Royal Albert Hall, London
The globe-shaped monument that’s hosted historic events, world famous speakers and superstars is a supreme performance venue. Almost entirely circular in shape, it can seat more than 5500 people but preserves a certain majesty usually reserved for smaller London theatres. The suspended plates on the ceiling are a fun conversation piece too.
Nearest Tube Station:
District, Piccadilly, Circle
Directions From Tube:
(15mins) Take Exhibition Road up to Prince Consort Road where you turn left; take the right leading you to Kensington Gore.

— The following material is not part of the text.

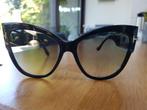 Tom Ford zonnebril dames (nieuwstaat), Handtassen en Accessoires, Zonnebrillen en Brillen | Dames, Zonnebril, Zo goed als nieuw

(Hyde Park Gate) 9, 10, 52, 70, 360
Night Bus Numbers:
(Hyde Park Gate) 10, 452, N9, N52
Nearest Rail Station:
Nearest Car Park:
Imperial College Campus (5mins)
Royal Albert Hall
Kensington Gore, London, SW7 2AP
One of the most famous and diverse venues in London, the Royal Albert Hall was an idea conceived by its namesake, Prince Albert. Following the success of the Great Exhibition at Crystal Palace in 1851, the profits were used to buy up the ‘Gore Estates’ opposite so a “permanent exhibition” could be built. Although Prince Albert never got to see his idea blossom into reality, his wife Queen Victoria attended the opening in 1871, which included a 500-piece orchestra, a 1000-member choir and the largest organ in the world at the time. This glorious space and its facilities were unfortunately plagued for years with terrible acoustics that caused an unpleasant echo – a problem that took roughly 100 years to solve.
But even with this significant obstacle, the extraordinary hall attracted an eclectic mixture of events, ranging from a Wagner-conducted Wagner festival to a display of Greco-Roman wrestling. It also witnessed some of the most historic moments in British history, including suffragette protests, an indoor marathon, 5 years of the Ford Motor Show in the 1930s and an Albert Einstein speech advocating the benefits of freedom.
The diversity of the venue never wavered in the 20th century, with less than forty years separating the last mass baptisms and a Miss World pageant, as well as the first sumo tournament outside of Japan being within 15 years of the 5th Harry Potter book launch. Most famous today for its annual BBC Proms, The Royal Albert Hall recently underwent a total renovation, transforming it into a perfect modern venue that preserves its Victorian roots.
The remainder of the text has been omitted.